▶ _Work to be completed_: A faithful copy is required. Print each line of the data exactly and omit the pictures.

▶ _Data for this task_:

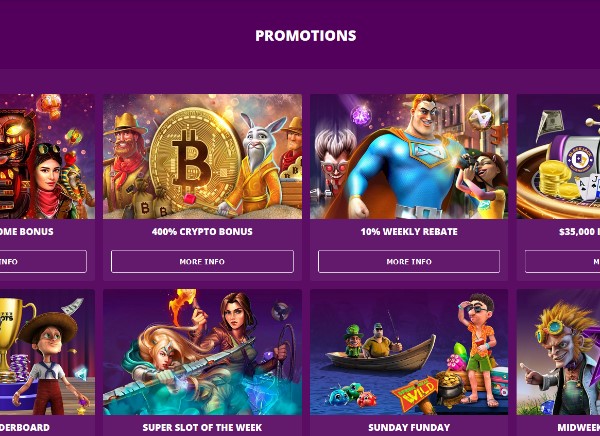 superslots promotions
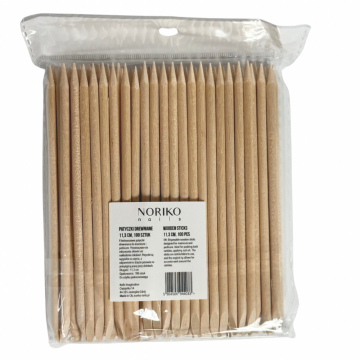 Wooden Manicure and...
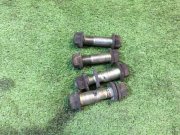 Parafusos de camber dianteiros SUBARU LEGACY GRAND WAGON OEM 20540AA090, 20540AA100 BG9 1995 EJ25D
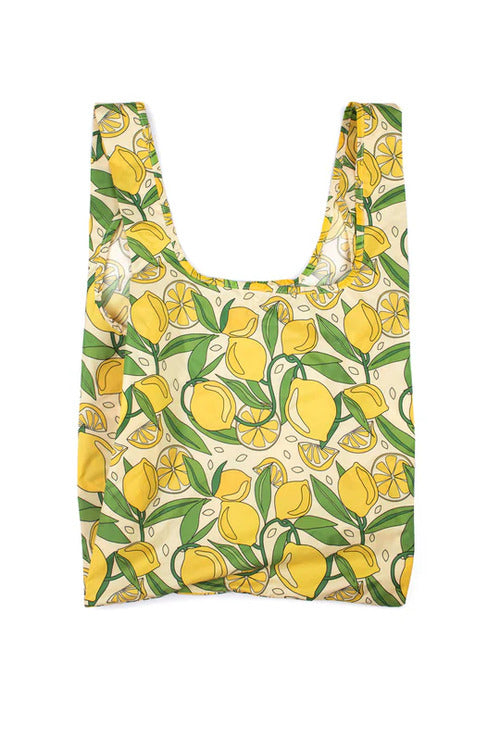 Bag Reusable Medium - Lemons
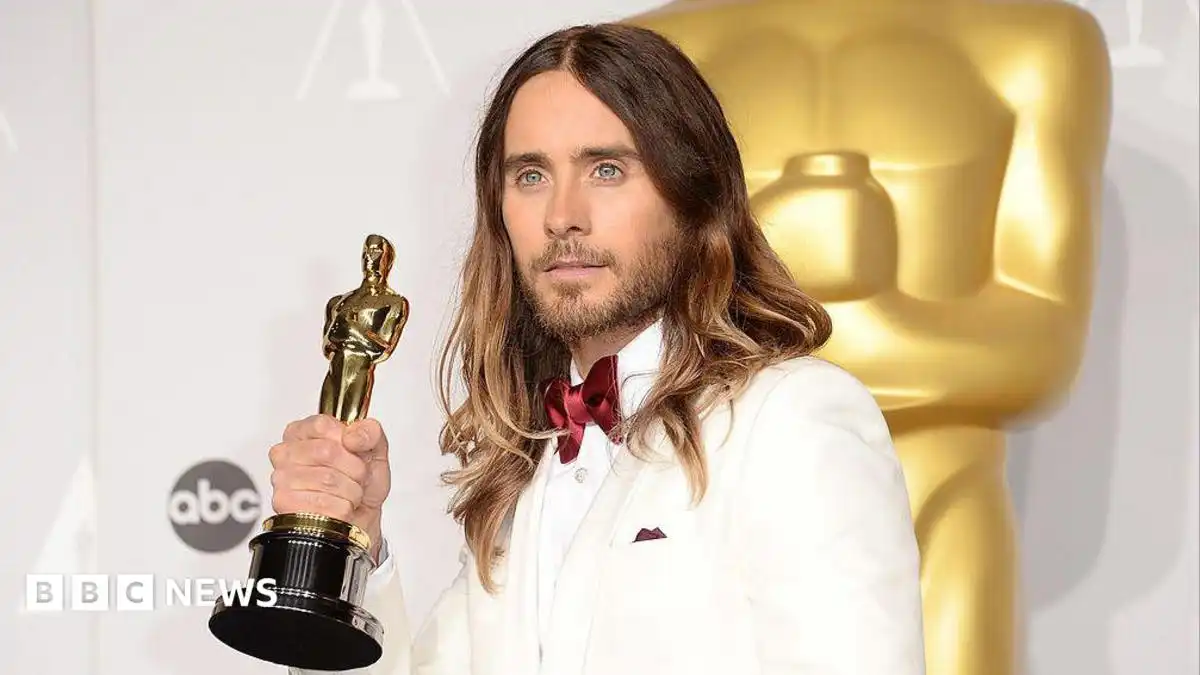 Four women accuse Jared Leto of criminal sexual conduct when they were teenagers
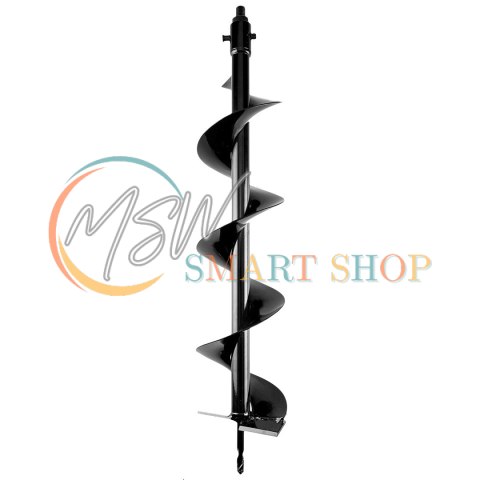 Świder glebowy M14 do 58G084, 120 x 600 mm Świder glebowy M14 do 58G084, 120 x 600 mm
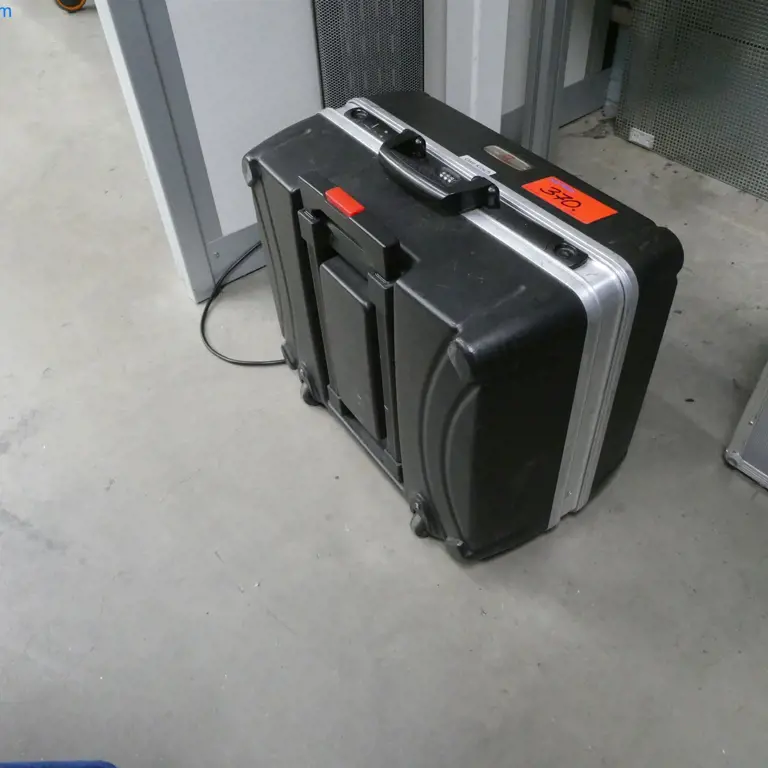 Plastic tool trolley Engelbert Strauß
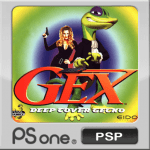 Coverart of Gex: Deep Cover Gecko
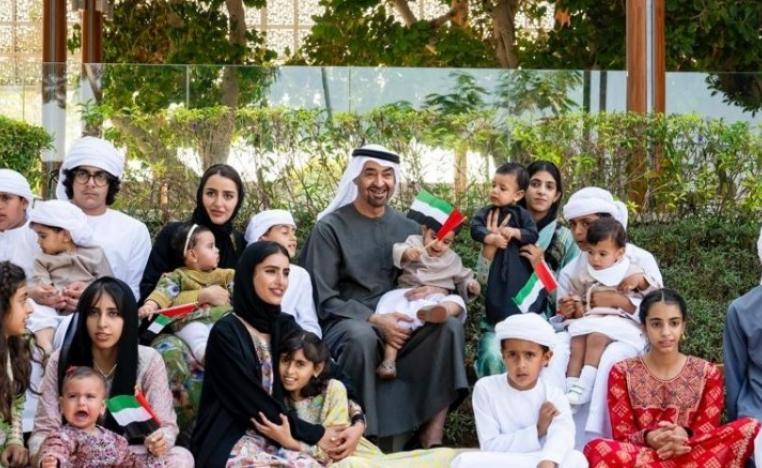 قائد انتقل بالامارات إلى مرحلة جديدة تجعل منها دولة تصنع مستقبلها بيدها
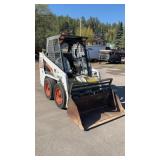 2003 BOBCAT  553 SKID STEER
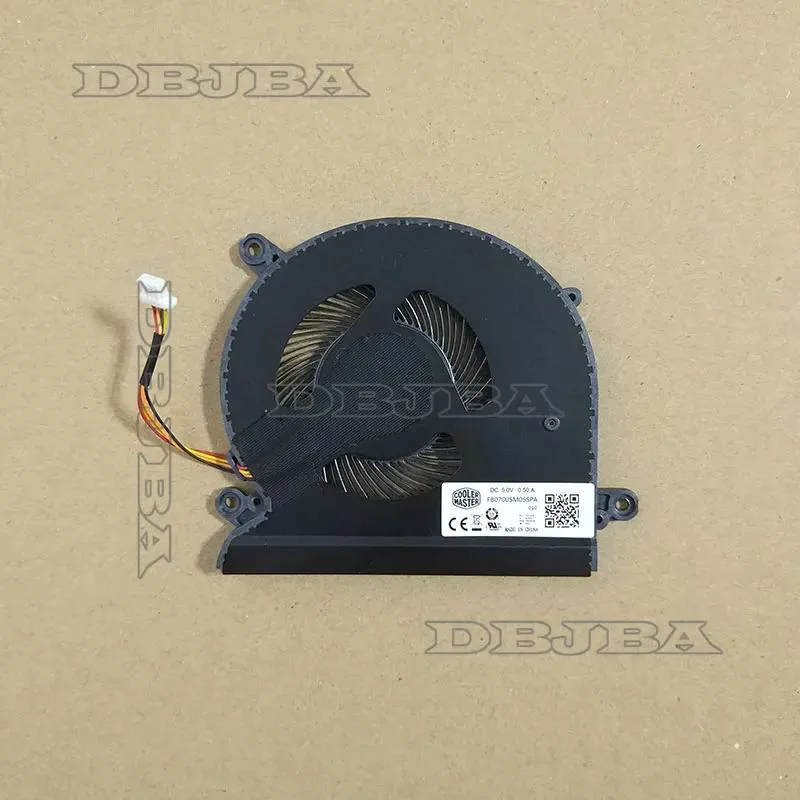 DBTLAP DBTLAP FB07005M05SPA 5V 0.5A laptop cooling fan — product photo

▶ _Result of this task_:
 superslots promotions
 Wooden Manicure and...
 Parafusos de camber dianteiros SUBARU LEGACY GRAND WAGON OEM 20540AA090, 20540AA100 BG9 1995 EJ25D
 Bag Reusable Medium - Lemons
 Four women accuse Jared Leto of criminal sexual conduct when they were teenagers
 Świder glebowy M14 do 58G084, 120 x 600 mm Świder glebowy M14 do 58G084, 120 x 600 mm
 Plastic tool trolley Engelbert Strauß
 Coverart of Gex: Deep Cover Gecko
 قائد انتقل بالامارات إلى مرحلة جديدة تجعل منها دولة تصنع مستقبلها بيدها
 2003 BOBCAT  553 SKID STEER
 DBTLAP DBTLAP FB07005M05SPA 5V 0.5A laptop cooling fan — product photo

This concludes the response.